» **PROBLEM STATEMENT**: Find the line with "अहार के अंबकेश्वर" in the records below. Output exactly from there until after the line with "2025 Toyota RAV4 Plug-In Hybrid SE", without pictures.

+++ DATA LISTING +++

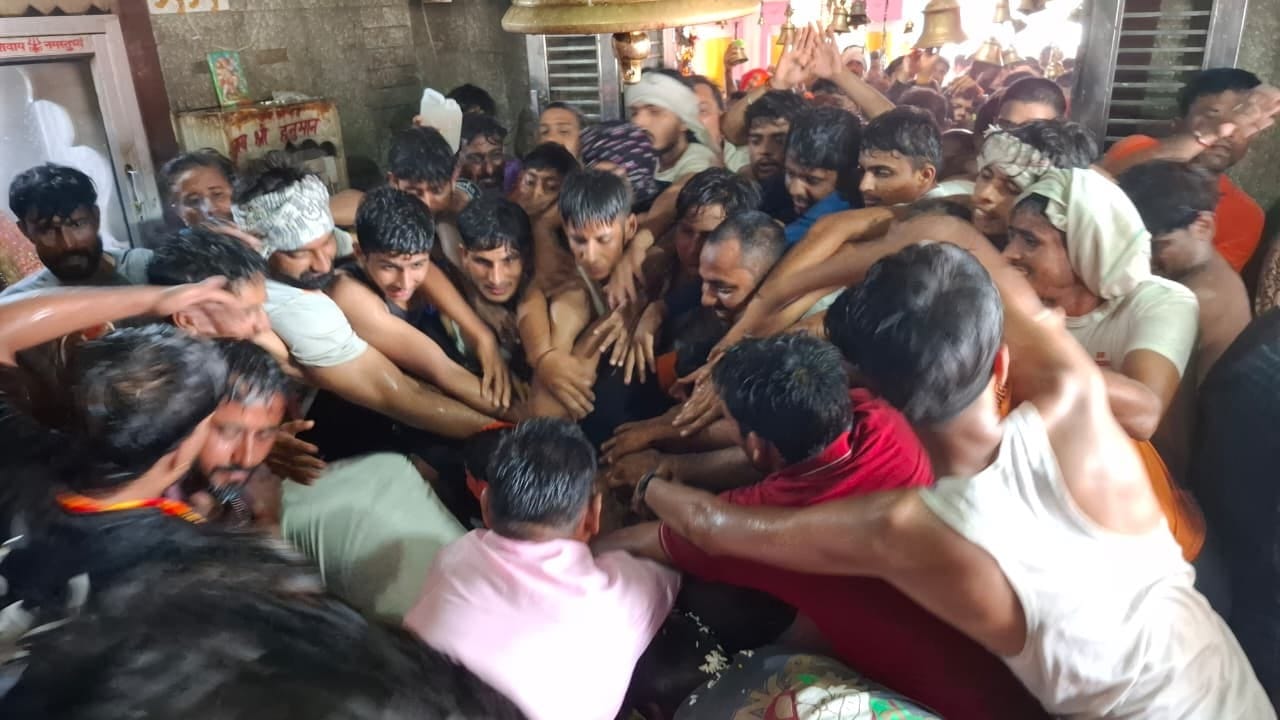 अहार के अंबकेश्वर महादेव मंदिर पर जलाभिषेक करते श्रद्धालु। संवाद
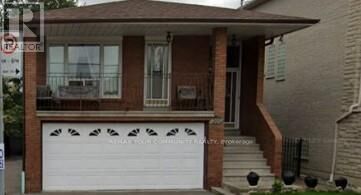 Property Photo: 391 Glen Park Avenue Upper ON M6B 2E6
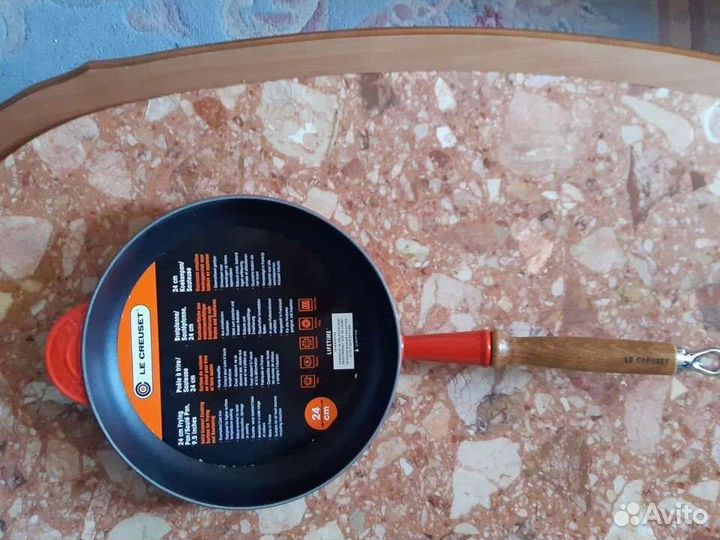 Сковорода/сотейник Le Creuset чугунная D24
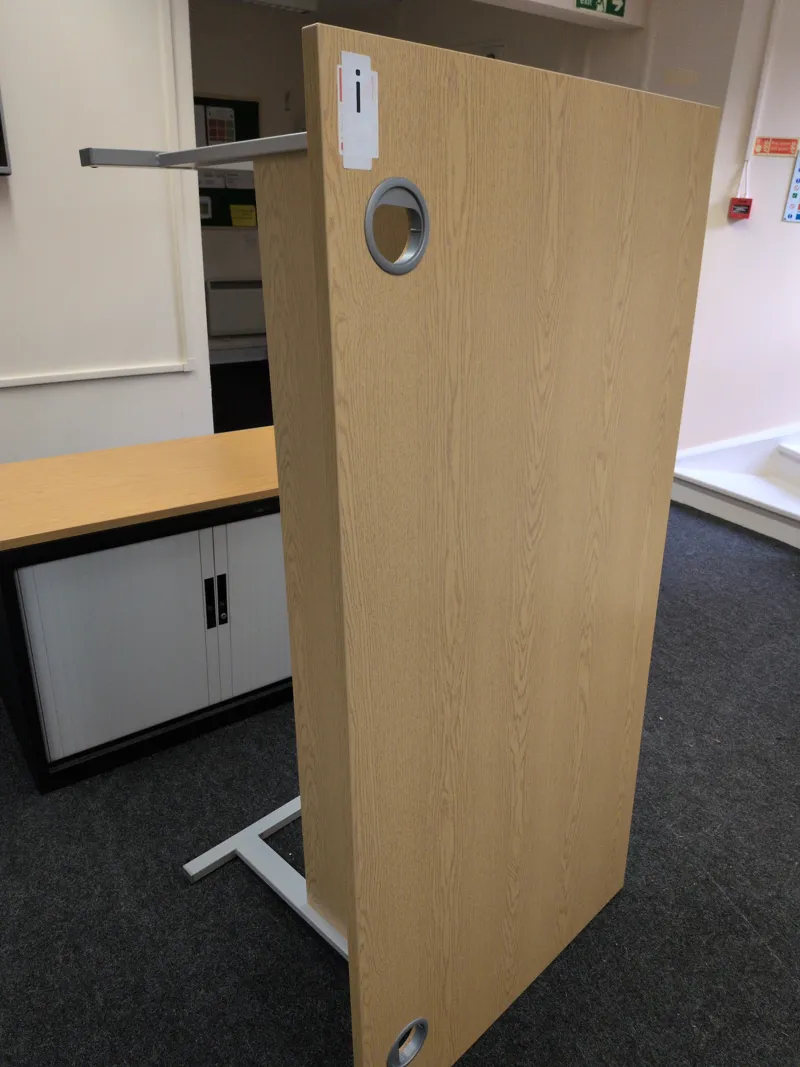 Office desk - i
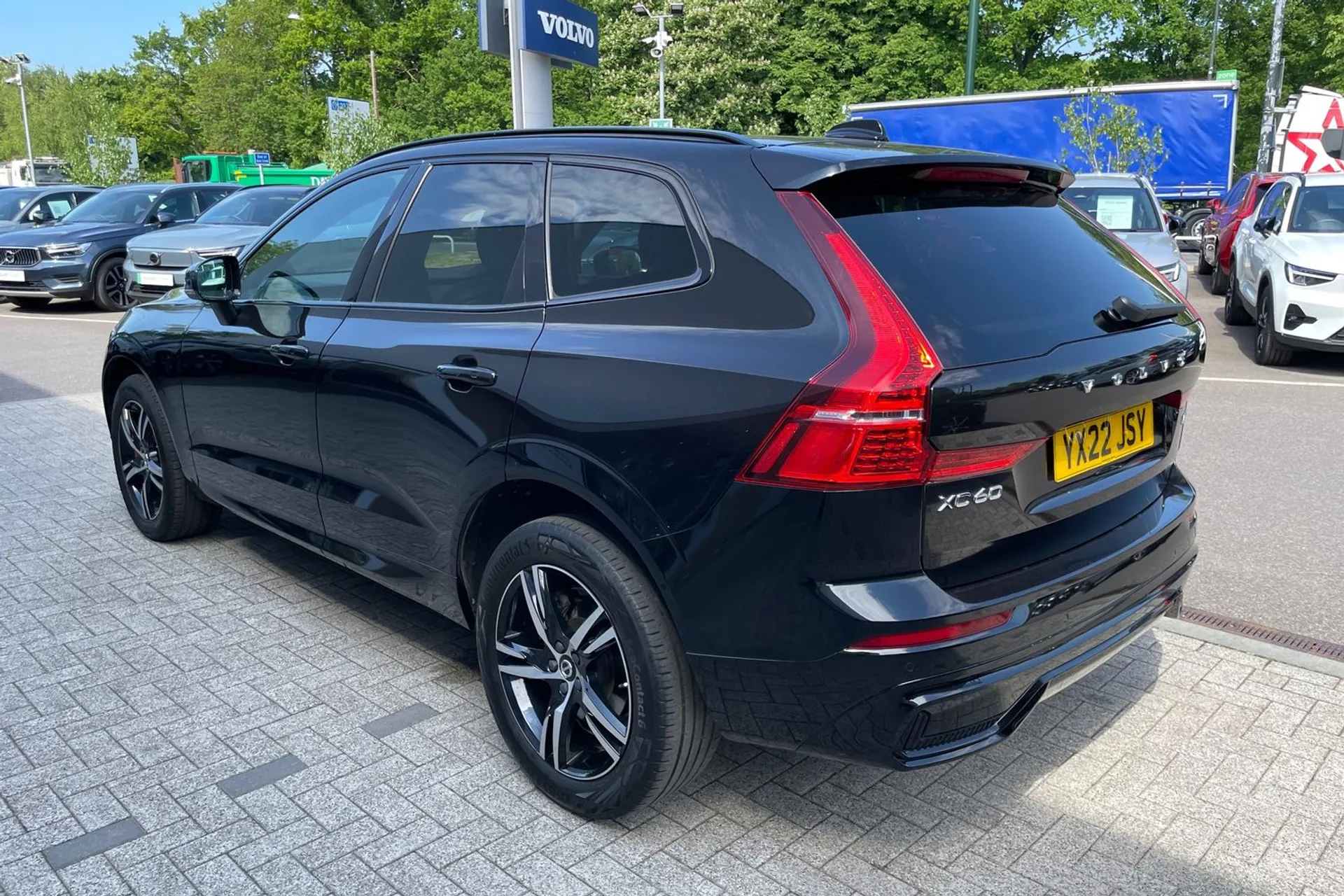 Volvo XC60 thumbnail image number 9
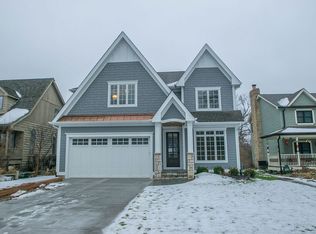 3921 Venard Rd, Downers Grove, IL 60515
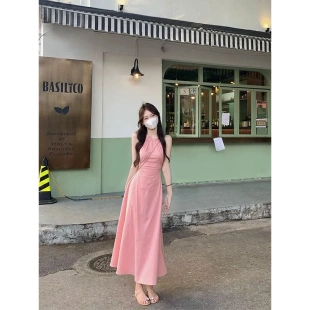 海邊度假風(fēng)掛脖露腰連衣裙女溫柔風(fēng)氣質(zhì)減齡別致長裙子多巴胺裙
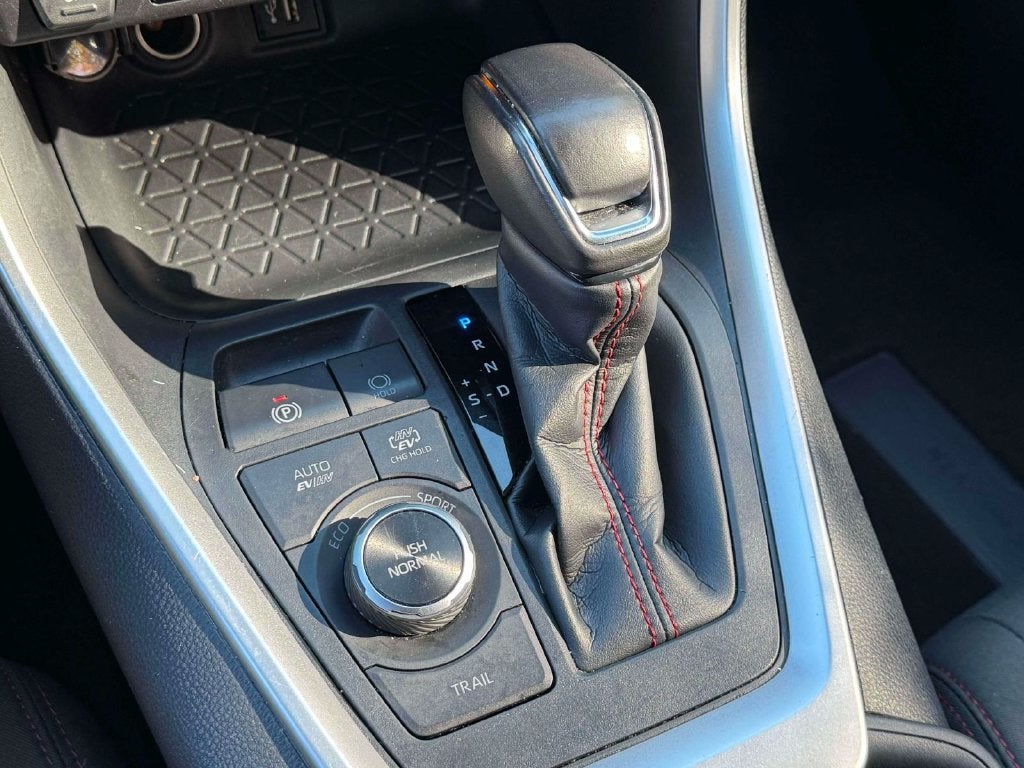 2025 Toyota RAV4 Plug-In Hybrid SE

+++
+++ DATA LISTING +++

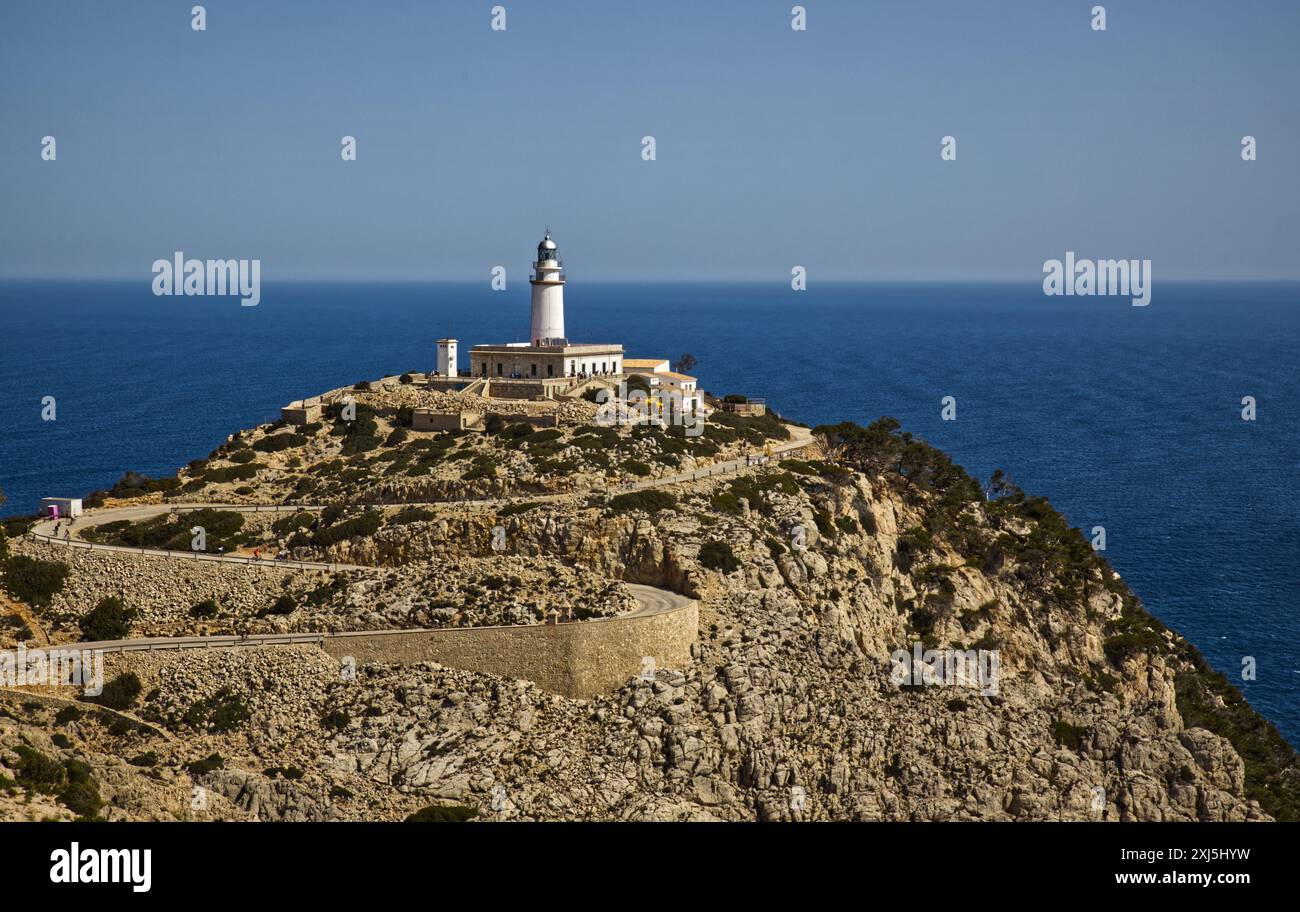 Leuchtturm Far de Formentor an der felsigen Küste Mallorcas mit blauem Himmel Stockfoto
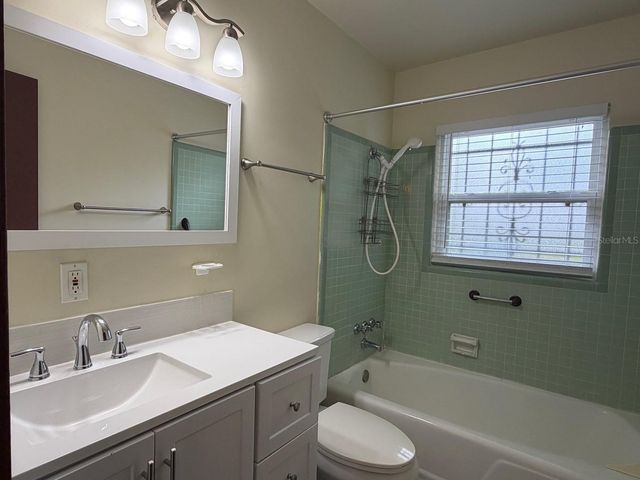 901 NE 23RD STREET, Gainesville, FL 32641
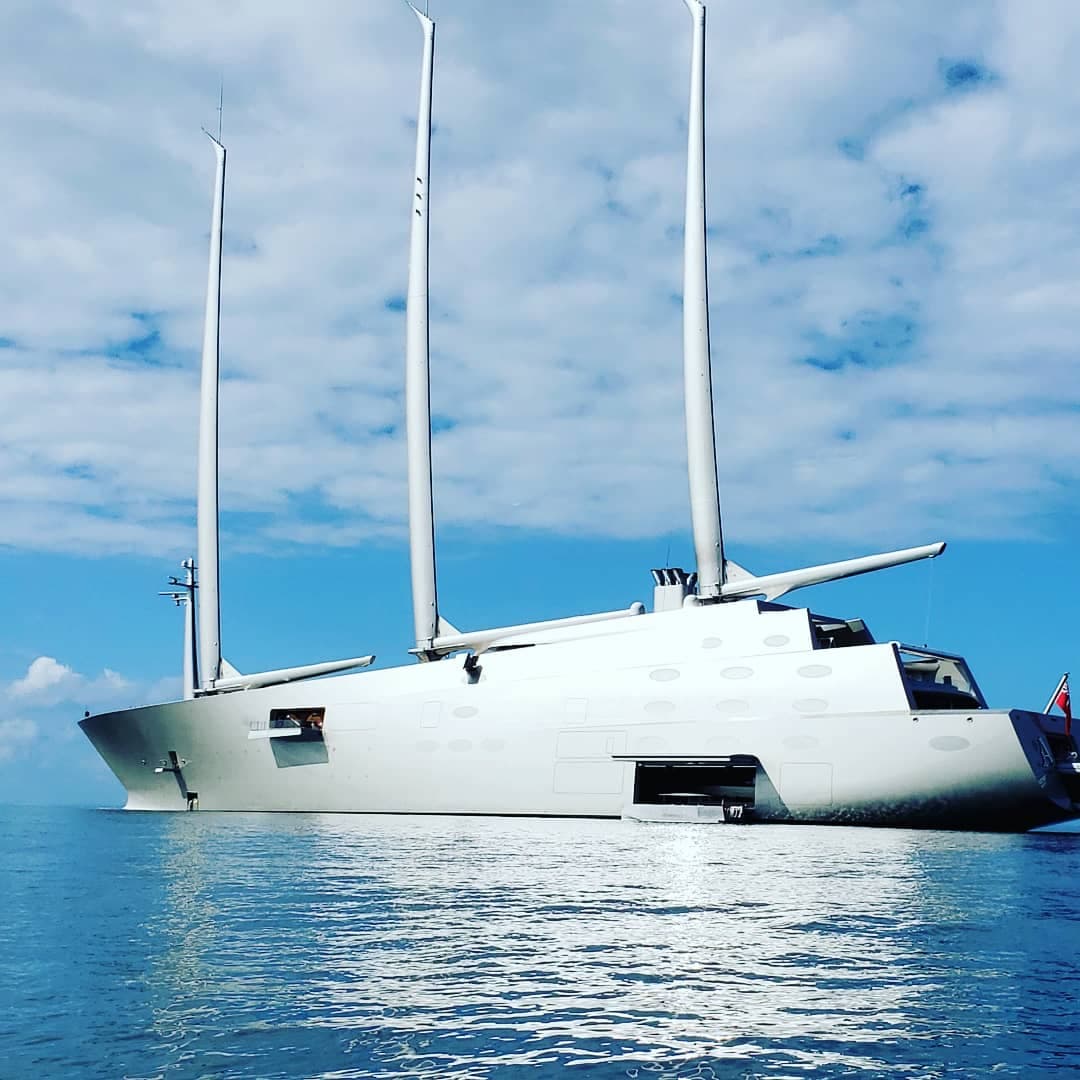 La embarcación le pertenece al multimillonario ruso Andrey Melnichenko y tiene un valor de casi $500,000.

+++
+++ DATA LISTING +++

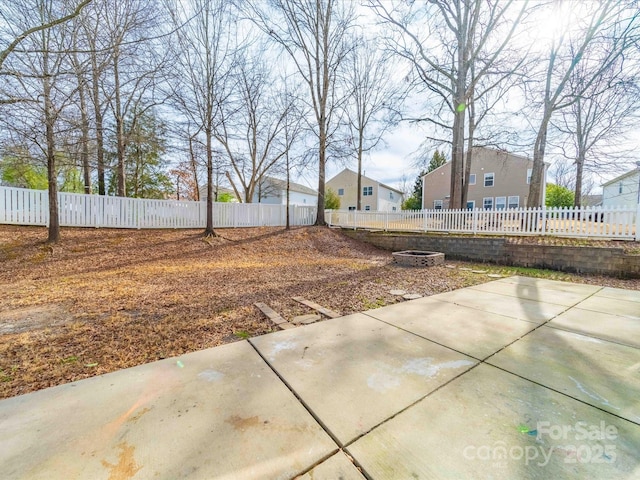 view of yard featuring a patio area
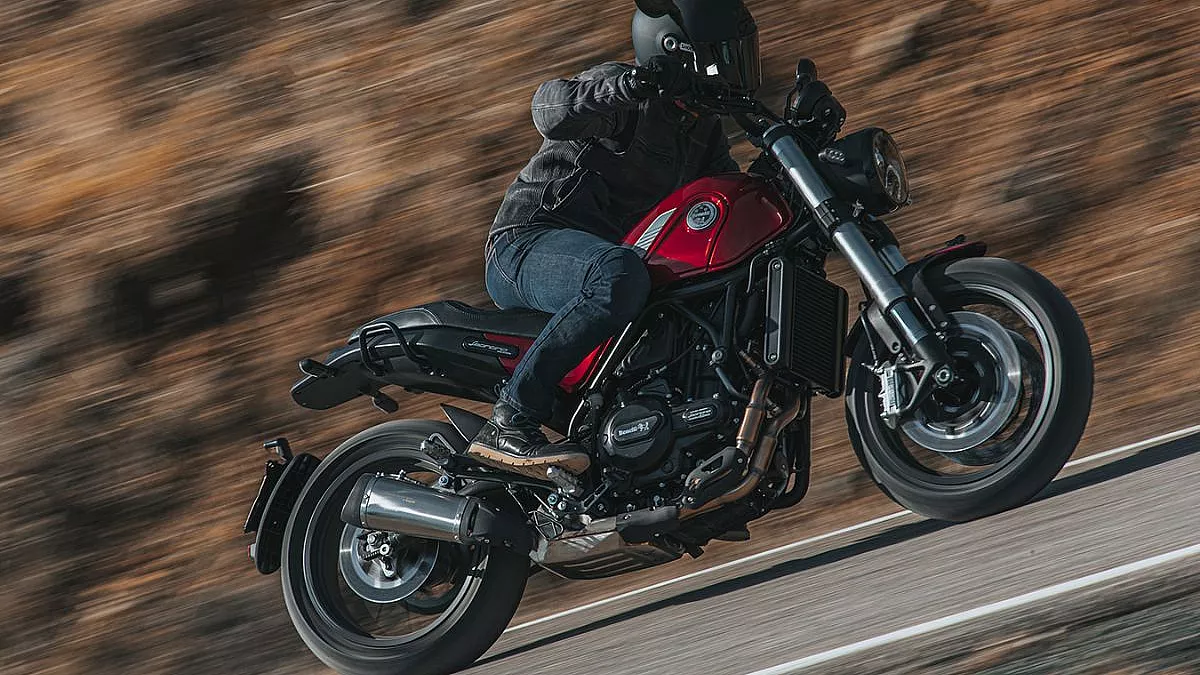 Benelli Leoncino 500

+++

» **RESPONSE TO THIS TASK**:
 अहार के अंबकेश्वर महादेव मंदिर पर जलाभिषेक करते श्रद्धालु। संवाद
 Property Photo: 391 Glen Park Avenue Upper ON M6B 2E6
 Сковорода/сотейник Le Creuset чугунная D24
 Office desk - i
 Volvo XC60 thumbnail image number 9
 3921 Venard Rd, Downers Grove, IL 60515
 海邊度假風(fēng)掛脖露腰連衣裙女溫柔風(fēng)氣質(zhì)減齡別致長裙子多巴胺裙
 2025 Toyota RAV4 Plug-In Hybrid SE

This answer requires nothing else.